Little Boxes Directed
Rob Meyer USA / 2016 / 89:10 minutes
Times and Venues:
Q&A Attendees *subject to change: Rob Meyer
When Mack, Gina and 11-year-old Clark uproot their lives and relocate to a small, predominantly white town outside of Seattle, everything familiar becomes uncertain. Neighborly curiosity turns African American father and son into oddities, white mother into a novelty, and they are all forced to figure out how to fit in without trying too hard.
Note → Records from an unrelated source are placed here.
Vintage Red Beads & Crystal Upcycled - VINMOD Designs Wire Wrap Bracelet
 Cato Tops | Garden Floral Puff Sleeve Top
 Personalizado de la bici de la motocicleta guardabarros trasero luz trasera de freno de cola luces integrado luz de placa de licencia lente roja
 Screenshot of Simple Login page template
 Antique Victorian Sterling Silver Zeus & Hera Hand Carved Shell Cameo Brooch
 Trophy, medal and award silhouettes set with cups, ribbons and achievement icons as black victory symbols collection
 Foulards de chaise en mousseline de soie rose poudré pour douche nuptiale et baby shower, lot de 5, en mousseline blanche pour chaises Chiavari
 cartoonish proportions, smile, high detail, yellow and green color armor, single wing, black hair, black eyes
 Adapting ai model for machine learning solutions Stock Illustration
While adolescent Clark, with large afro and chill NY vibe, becomes a plaything for his sheltered girly classmates, and Gina delights her cocktail swilling female colleagues, Mack questions the polite facade all around him. Discovering broken appliances and previously hidden defects in their new home becomes an outlet for his frustration, as he tries to guide his family through the seemingly impossible transition. With an excellent cast and a series of cunning and playful interactions, "Little Boxes" cleverly depicts troubling racial dynamics, and exposes society's hidden forms of racism and the disruptive effect it can have on a black person. -- Monique Ray and Sveltana Krotek
BIO: Rob Meyer received his MFA from NYU's graduate film program, where his short thesis film "Aquarium", starring Jeremy Allen White, won awards around the world, including one at the Sundance Film Festival. Prior to NYU, he was an associate producer at PBS's NOVA, HBO Documentary Films and "National Geographic", where he worked extensively on Emmy and Peabody award-winning documentaries in Nepal, Antarctica, Alaska, and Egypt. His first narrative feature film, "A Birder's Guide to Everything", featuring Sir Ben Kingsley and Kodi Smit-MchPhee, screened at the Woodstock Film Festival, was released in 2013 and was described by "The New York Times" as a smart, likeable, coming of age film ... an eye opener for anyone who takes the everyday natural world for granted. "Little Boxes" is Meyer's second feature.